(Excerpts from a dataset)
^^^^^^^^

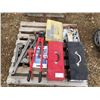 Image 1 : PIPE WRENCHES, TOOL BOXES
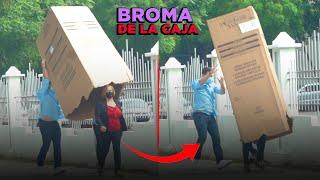 LA MEJOR BROMA PESADA DE LA CAJA  (NOS LLAMAN POLICÍA) 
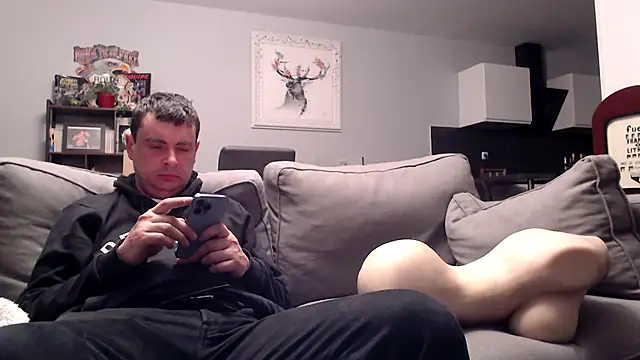 freddy0222222 online show from May 2026 11:08:01 PM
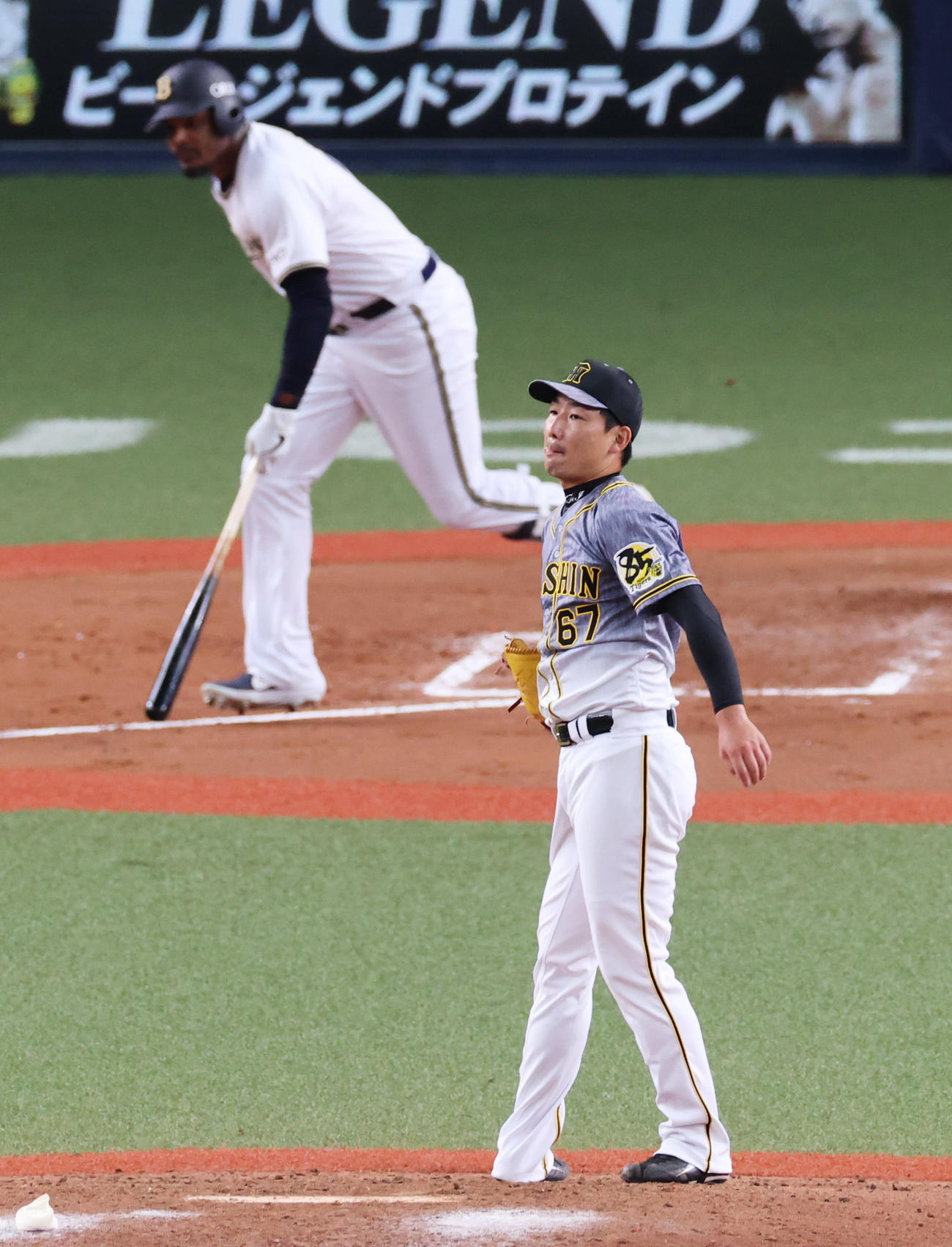 練習試合　オリックス対阪神　7回裏オリックス1死、アダム・ジョーンズを右飛に打ち取る岩崎優（撮影・清水貴仁）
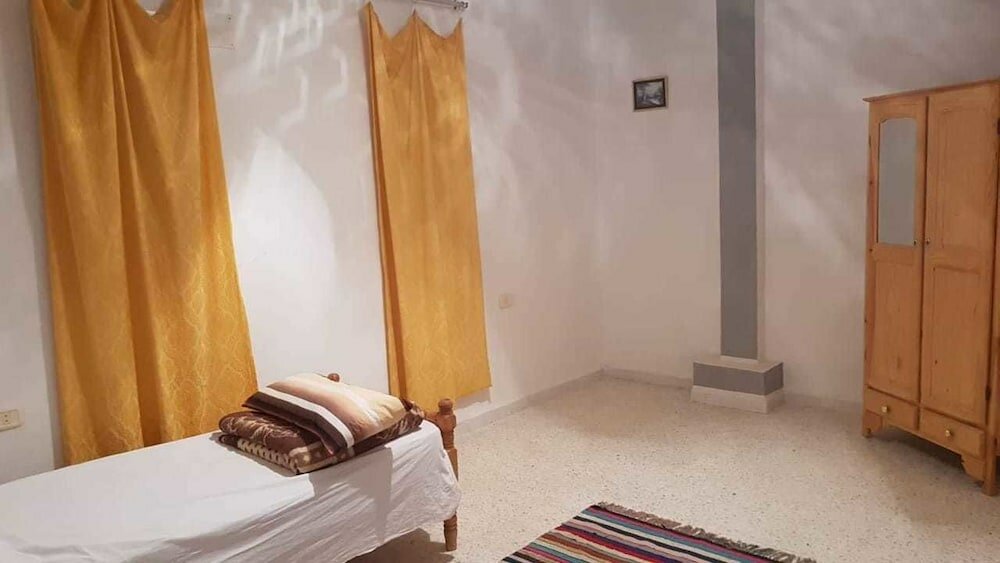 Фото Cheap & Cheerful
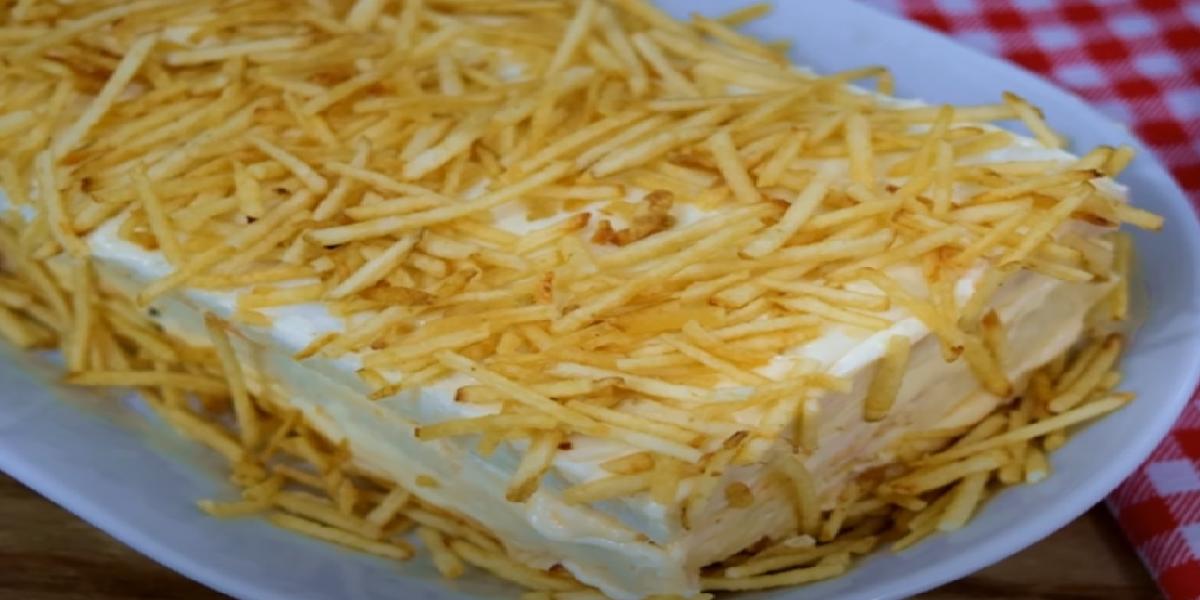 Bolo salgado de pão de forma com frango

^^^^^^^^

• Problem requirements: Copy the preceding data in full and word for word, dropping its pictures.

• Task output:
 Image 1 : PIPE WRENCHES, TOOL BOXES
 LA MEJOR BROMA PESADA DE LA CAJA  (NOS LLAMAN POLICÍA) 
 freddy0222222 online show from May 2026 11:08:01 PM
 練習試合　オリックス対阪神　7回裏オリックス1死、アダム・ジョーンズを右飛に打ち取る岩崎優（撮影・清水貴仁）
 Фото Cheap & Cheerful
 Bolo salgado de pão de forma com frango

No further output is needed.